Only half of the schools studied had covered effects of tobacco and alcohol on health in their curriculum. Extracurricular activities highlighting effects of tobacco and alcohol were held in two government and two private schools.
Involvement of parents in health issues
Parents- teachers' meetings were held in all the schools. In government schools these meetings were held only 3 - 4 times a year. The frequency of such meetings was more in private schools, every 2 -3 months. While private schools made it compulsory for parents of every student to attend such meetings, it was optional in government schools. In most of the schools, the main focus of these meetings was to discuss academic performance of the students. In none of the schools these meeting addressed health issues nor did the teachers send any health-related messages to parents though the students.
School health agencies
All government schools were provided health services by Delhi Government's School Health Scheme. The health services were provided by a team of one Medical Officer, one pharmacist and two other supporting staff. The services provided were mainly limited to periodic examination and screening of the students annually along with T.T immunization, treatment of minor illnesses and referral of students requiring higher care. These services were accompanied by occasional extra-curricular activities addressing health like Health Mela, etc.
In private schools health services were provided by different health agencies from private sector. The staffing pattern varied in different schools with visiting doctor for periodic medical examination and screening in all these schools. Two schools had one permanent nurse each for treatment of minor illnesses. In rest of the private schools there was no health staff permanently posted in the school and the responsibility of treating minor injuries and illness had been given to one of the teachers. All the schools had linkages with nearby hospitals/nursing homes for emergencies.
The approach of school health agencies of all the schools studied was mainly focused on routine medical examination and treatment of minor illnesses and referral services. None of the school health agencies were involved in health education through extracurricular activities or in advocacy to school authorities for health promotion. There was also no participation of school health agencies in PTA (Parent Teacher Association) for health promotion in any of the schools studied.
There were no school health team/committee in any of the school comprising of representatives of students, teachers and parents.
| Discussion|| |
CVDs, one of the most common causes of mortality, are life style related and associated with a number of risk factors that begin in childhood. Schools can play a prominent role in developing health promoting behaviors among school children. It has been well realized that schools have to move from the simple classroom-based topic focused old style health education to the whole settings approach and the broad-ranging, comprehensive actions for developing healthy behaviors among students. 

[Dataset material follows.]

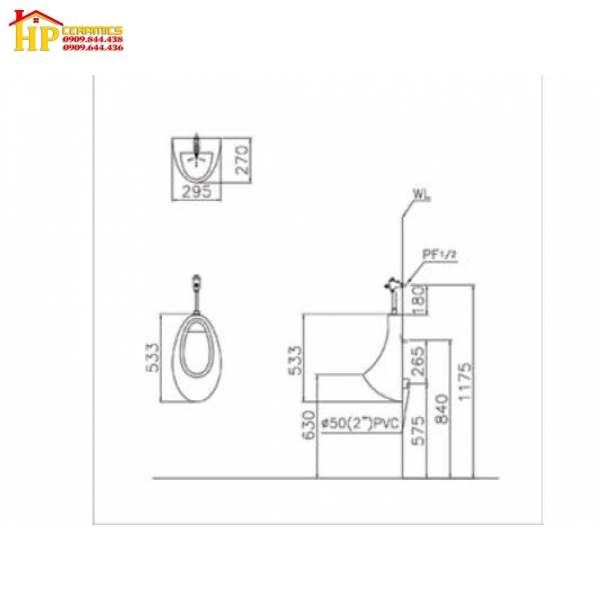 BỒN TIỂU NAM TREO TƯỜNG CAESAR U0221 CHÍNH HÃNG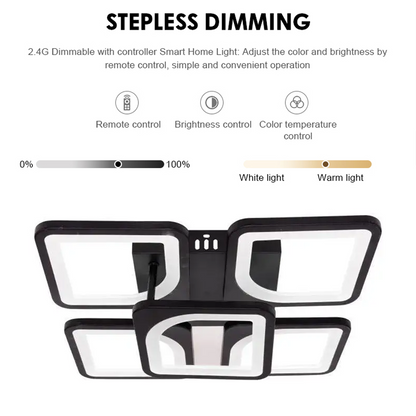 LED lustr s dálkovým ovládáním ZOE 68W, 5 čtverců, studené/teplé/neutrální světlo, stmívatelné, černá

School health policies have a very important bearing on health of students. The Ottawa charter of "Health Promotion" also mentions health policies as an integral part of health promotion in any setting. In the current study, none of the schools evaluated had any written and displayed school health policy. Our results are consistent with the results of an evaluation done in two government and two private schools in Delhi by a voluntary organisation HRIDAY-SHAN which also reported no health policies in all four schools studied by them.  This finding from Indian setting is different from that of the developed countries since many of them had already implemented comprehensive health promotion in schools. According to SHPSS 2006 (School Health Policies and Programs Study) which is a national survey periodically conducted in US to assess school health policies and programs at the state, district, school and classroom levels, 63.6% of total schools studied had health policies.  This could be due to early and widespread implementation of health promotion in schools with most of the schools already labelled as "Health Promoting Schools" in US where as this concept is relatively new in India.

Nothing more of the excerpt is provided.